Enhanced functionality and migration of human gingival fibroblasts on vacuum ultraviolet light-treated titanium: An implication for mitigating cellular stress to improve peri-implant cellular reaction.

Abstract

The maintenance of peri-implant health relies significantly on the integrity of the peri-implant seal, particularly vulnerable at the interface between implant abutment and soft tissue. Early healing stages around implants involve cellular exposure to oxidative stress. This study aimed to investigate whether vacuum ultraviolet (VUV)-treated titanium augments the growth and functionality of human gingival fibroblasts while mitigating cellular stress. Machined titanium plates underwent treatment with 172 nm VUV light for one minute, with untreated plates as controls. Human gingival fibroblasts were cultured on treated and untreated plates, and their behavior, growth, and functionality were assessed. Functionally impaired fibroblasts, treated with hydrogen peroxide, were also cultured on these titanium plates, and plate-to-plate transmigration ability was evaluated. Fibroblasts on VUV-treated titanium exhibited a 50% reduction in intracellular reactive oxygen species production compared to controls. Additionally, glutathione, an antioxidant, remained undepleted in cells on VUV-treated titanium.

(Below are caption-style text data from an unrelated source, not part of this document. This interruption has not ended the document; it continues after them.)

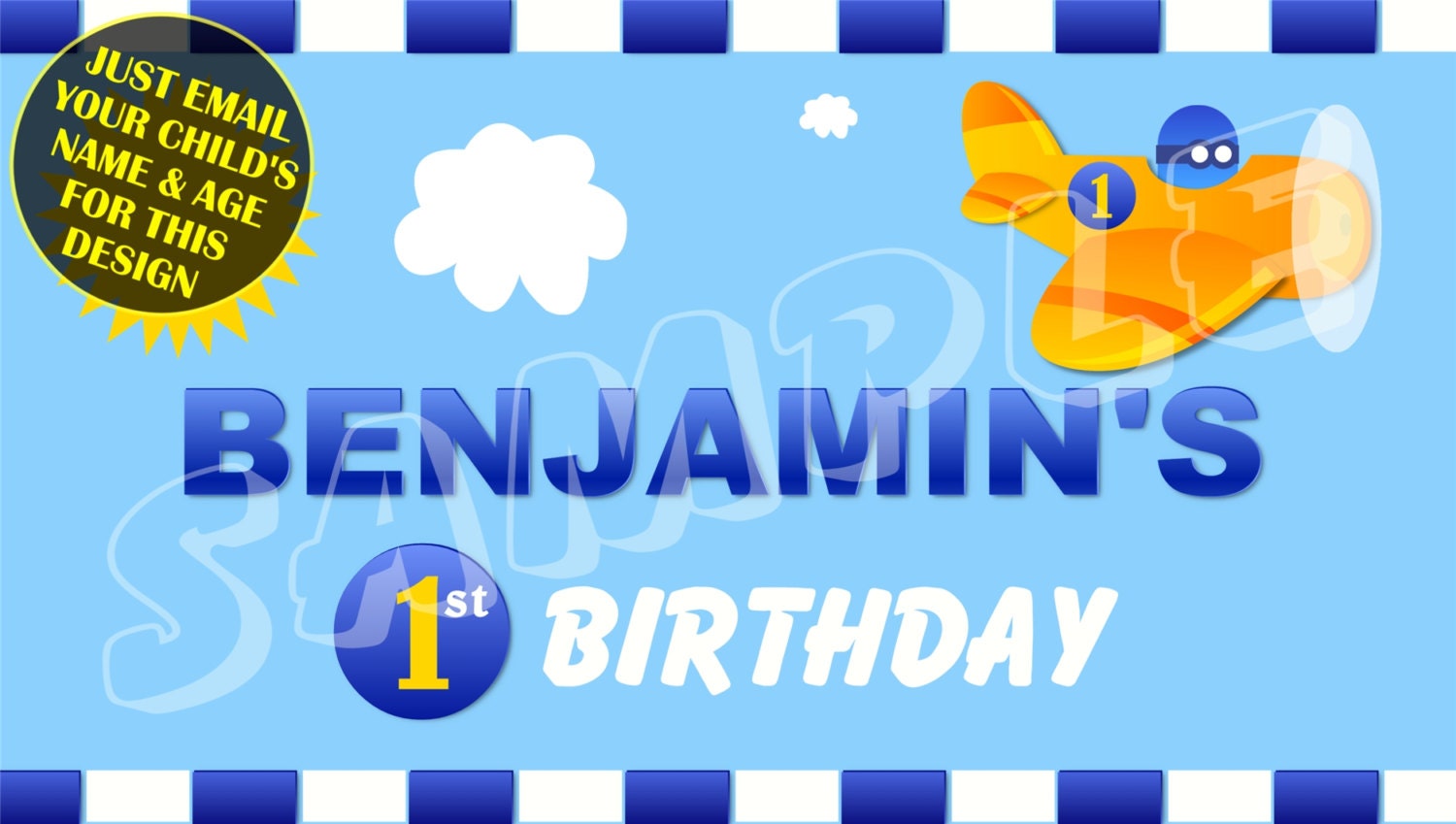 Airplane Plane Personalized Birthday Banner With Free | Etsy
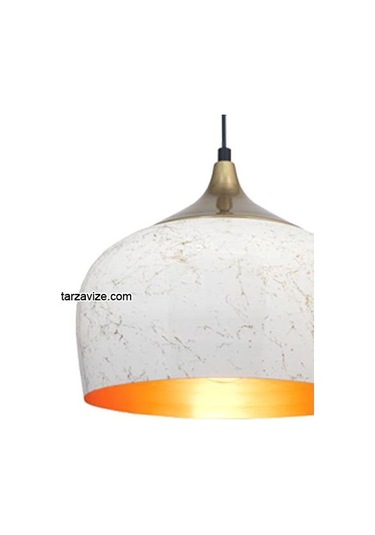 Tarzavize Trt50 Dekoratif Beyaz Tekli Retro Modern Sarkıt Avize Beyaz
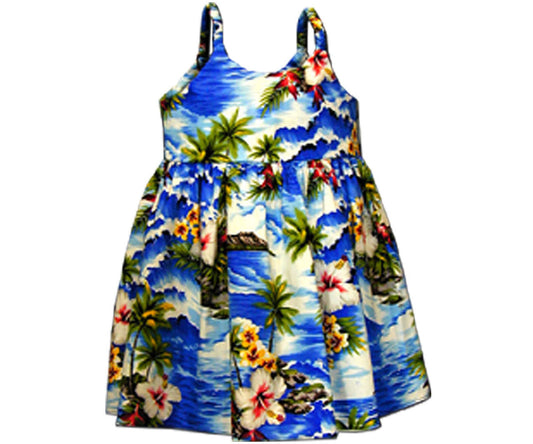 Diamond Head Beach Blue Girl's Bungee Dress Hawaiian Shirt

Furthermore, the expression levels of inflammatory cytokines IL-1β and IL-8 decreased by 40-60% on VUV-treated titanium. Consequently, fibroblast attachment and proliferation doubled on VUV-treated titanium compared to those in the controls, leading to enhanced cell retention. Plate-to-plate transmigration assays demonstrated that fibroblasts migrated twice as far on VUV-treated surfaces compared to those in the controls. In particular, the transmigration ability, impaired in functionally impaired fibroblasts on the controls, was preserved on VUV-treated titanium. VUV-treated titanium promotes the growth, function, and migration of human gingival fibroblasts by reducing cellular stress and enhancing antioxidative capacity. Notably, the transmigration ability significantly improved on VUV-treated titanium.